Shane Bernagh Donnelly was an Irish rapparee who was active in the Cappagh and Altmore area of County Tyrone during the 17th century who would use the mountains as a vantage point to launch daring hold ups on carriages passing through the area on the main Dublin to Derry road nearby. Local legend has it that the highwayman assisted impoverished locals with his robberies, which primarily targeted members of the Protestant Ascendancy. A barracks was built in the Altmore area in an attempt to curb his activities but to little avail. Because of this Bernagh has over time become a local legend in the mould of Robin Hood who robbed from the rich and gave to the poor.

For example, in the Slieve Beagh mountains of County Monaghan, a large Celtic cross now tops a Mass rock known as Leacht a 'tSagairt ("The Priest's Flagstone"). The cross is said in the local oral tradition to mark where a priest hunter fatally shot a Fr. McKenna while he was saying Mass there on Christmas Day. The priest hunter is said to have been assassinated by Shane Bernagh soon afterwards in nearby Emyvale. Another oral tradition version of the same events credits the killing to a Yeomanry unit from Clogher and gives the slain priest's name as Father Milligan. The same source also alleges that Shane Bernagh, after learning almost immediately afterwards of the priest's murder while in hiding nearby, "swore that he would have a Yeoman's life for this". Bernagh and his band of rapparees are then alleged to have ambushed the Yeomanry during their return to barracks, killed one of them, and thrown his body into Lough More.

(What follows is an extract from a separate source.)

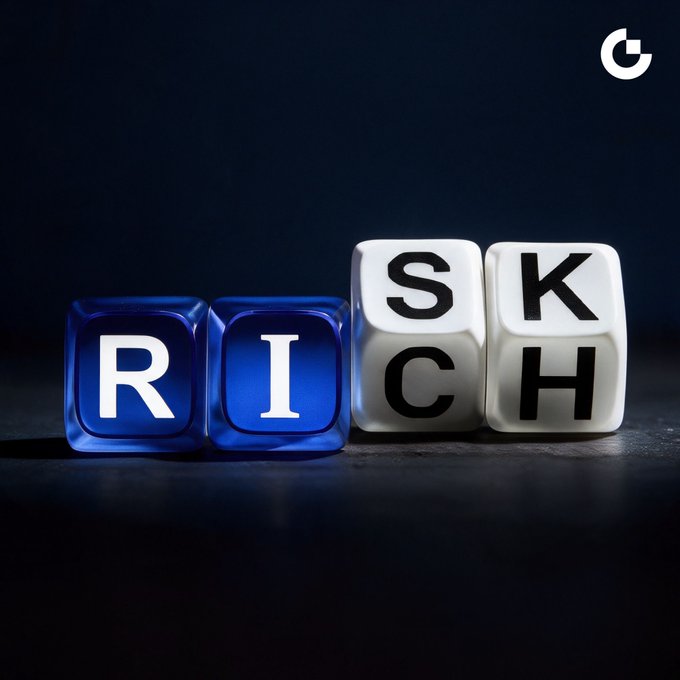 Blue and white letter blocks spell “RICH,” with the letters arranged as “RI” and stacked “SK” over “CH,” beside a stylized white “G” logo.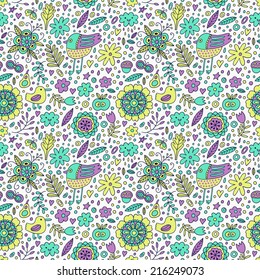 Bird and plant seamless pattern. Vector illustration.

He was eventually captured and executed by the Dublin Castle administration, and his body was cast into a lough at the summit of Slieve Beagh, which straddles the counties of Tyrone, Fermanagh and Monaghan.

==Legacy==
He was immortalised further by local scholar George Sigerson in his ballad The Mountains of Pomeroy and Irish poet John Montague in his poem A Lost Tradition. There is a small rocky area on the outskirts of Cappagh and Altmore called Shane Bernagh's Chair, called so as it is shaped like a chair. It received its fame from the highwayman, who used the rugged mountain area to hide out and launch his next attack on his unsuspecting victims. Local oral tradition says that the nearby Bernish Glen gave Shane his middle name, Bernagh, after Donnelly jumped across the glen on horse back as he sought to evade Crown soldiers pursuing him.

A verse from Montague's A Lost Tradition states that:

The heathery gap where the Rapparee, Shane Bernagh, saw his brother die. On a summer's day the dying sun stained its colours to crimson. So breaks the heart, Brish mó Cree.